DATA FOR THIS EXERCISE:
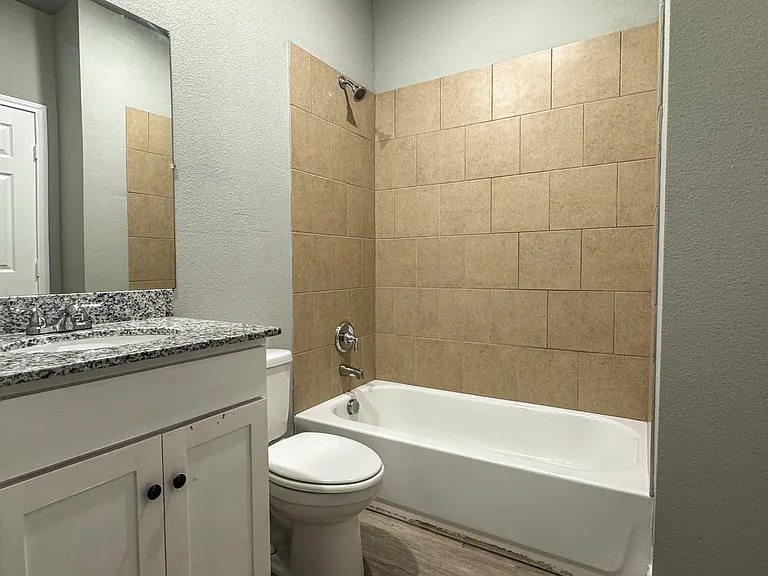 2311 Abilene St — Photo 17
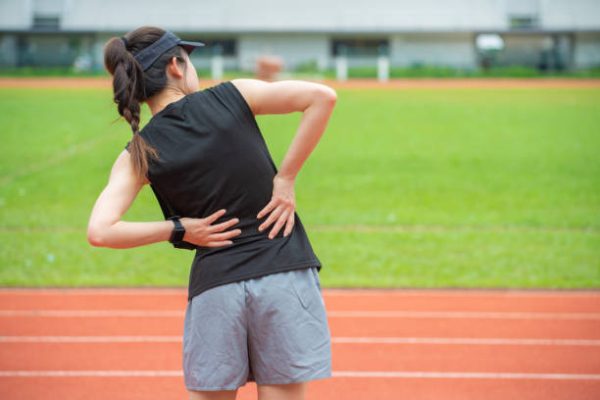 10 Tips Mengurangi Risiko Cedera Pinggang Saat Olahraga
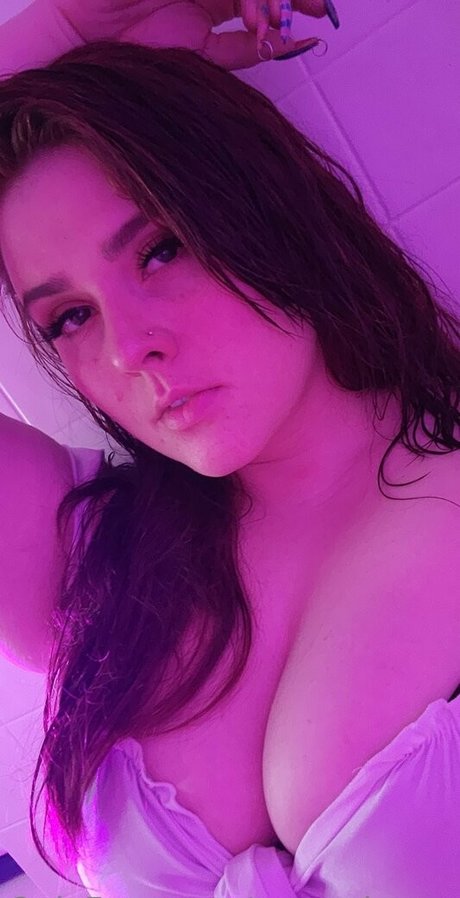 thott pockett star hot photo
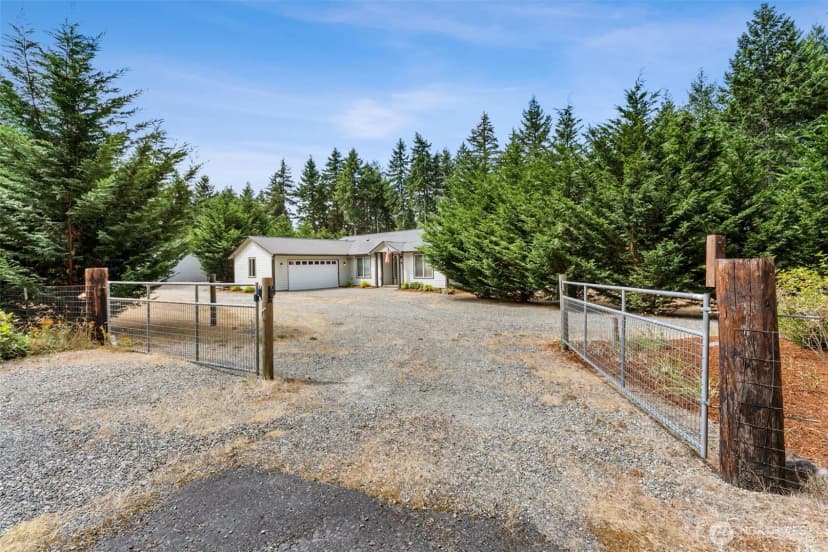 Property photo for 12702 Ranch Ridge Court Sw, Port Orchard photo 32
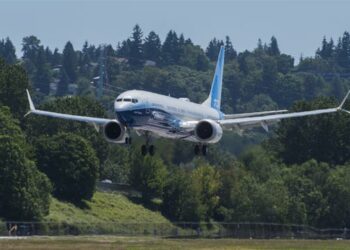 Le premier Boeing 737-10 à l'issue de son vol inaugural en 2021. © Boeing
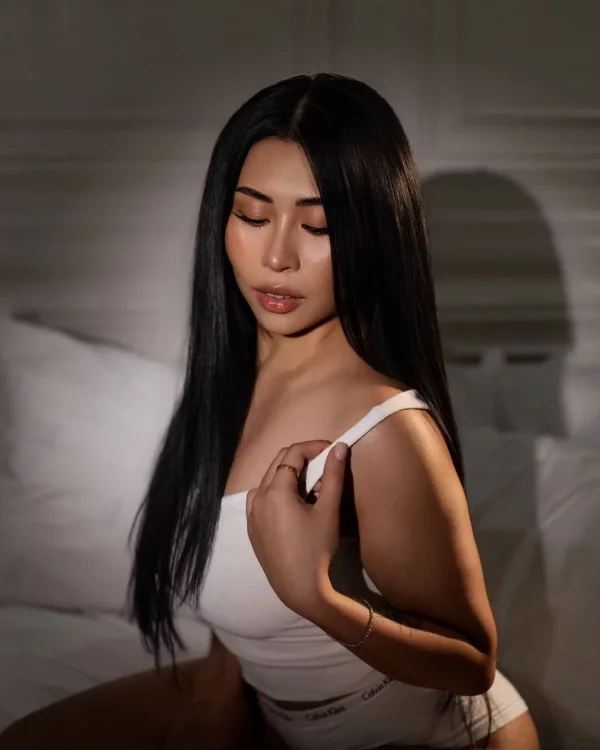 Elisha Mira photo 1, mixed, average, black hair, 170 cm, 61 kg, Medium bust, Hong Kong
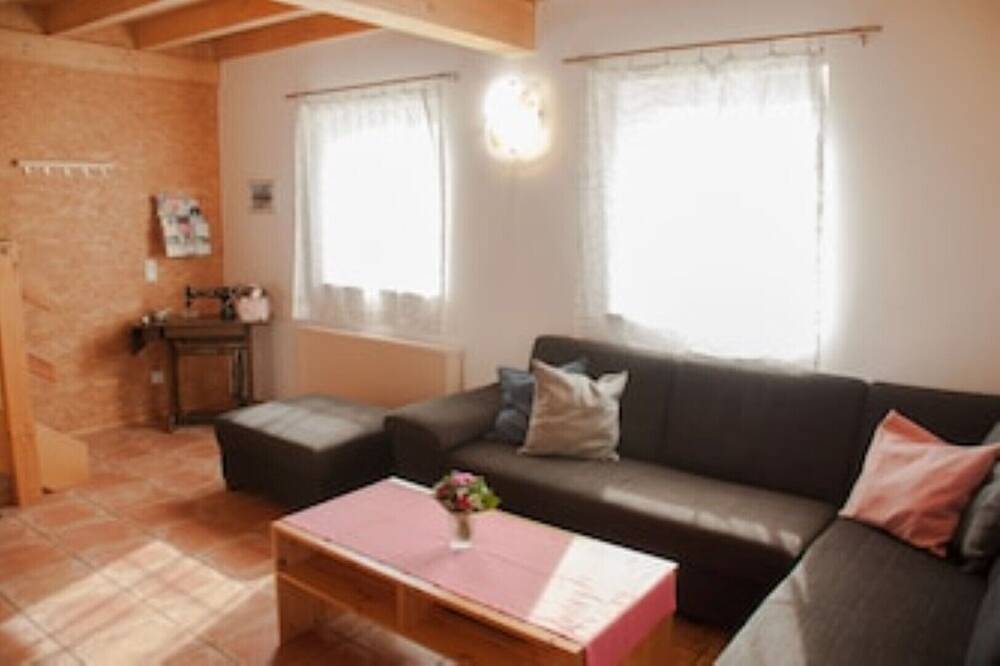 Beautiful holiday home in beautiful nature with a large garden in Schwaigern, Kraichgau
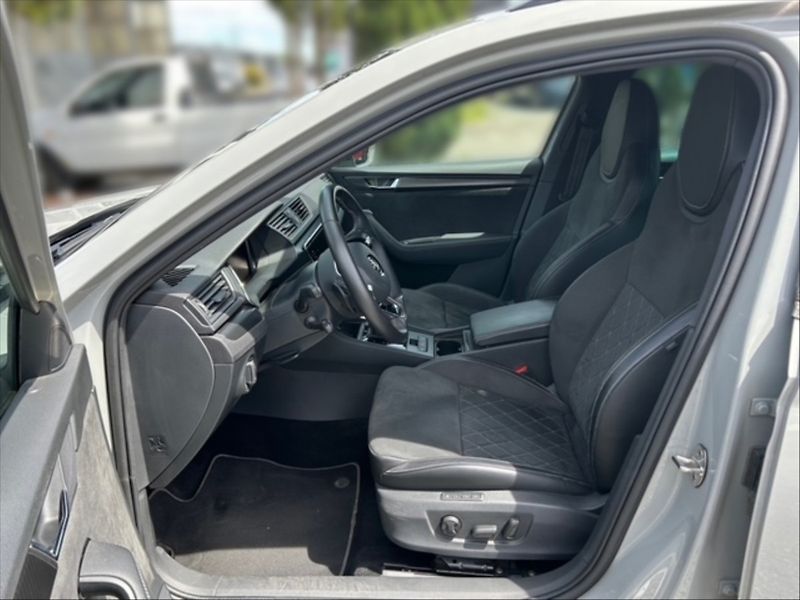 Škoda Superb 2,0 TDI 110 SportLine DSG - fotka 7 z 11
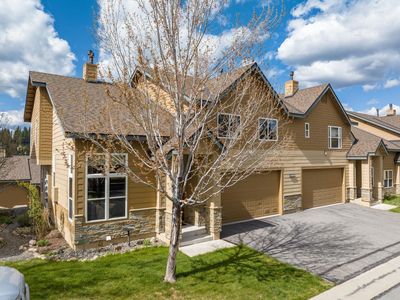10036 Nicolas Dr Unit A, Truckee, CA, 96161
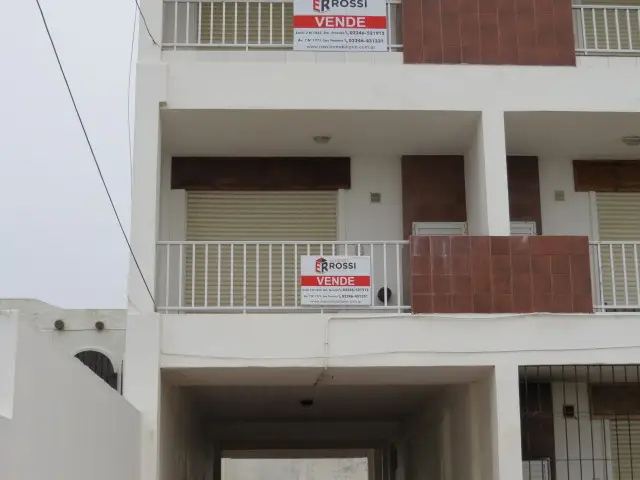 Frente al Mar y con Cochera – Calle Costanera N° 1051, Las Toninas - Imagen 2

TASK OBJECTIVE: The lines from the one holding "Škoda Superb 2,0" to the final line of the entries are to be duplicated exactly, and the pictures are to be left out.

RESPONSE TO THIS EXERCISE:
 Škoda Superb 2,0 TDI 110 SportLine DSG - fotka 7 z 11
10036 Nicolas Dr Unit A, Truckee, CA, 96161
 Frente al Mar y con Cochera – Calle Costanera N° 1051, Las Toninas - Imagen 2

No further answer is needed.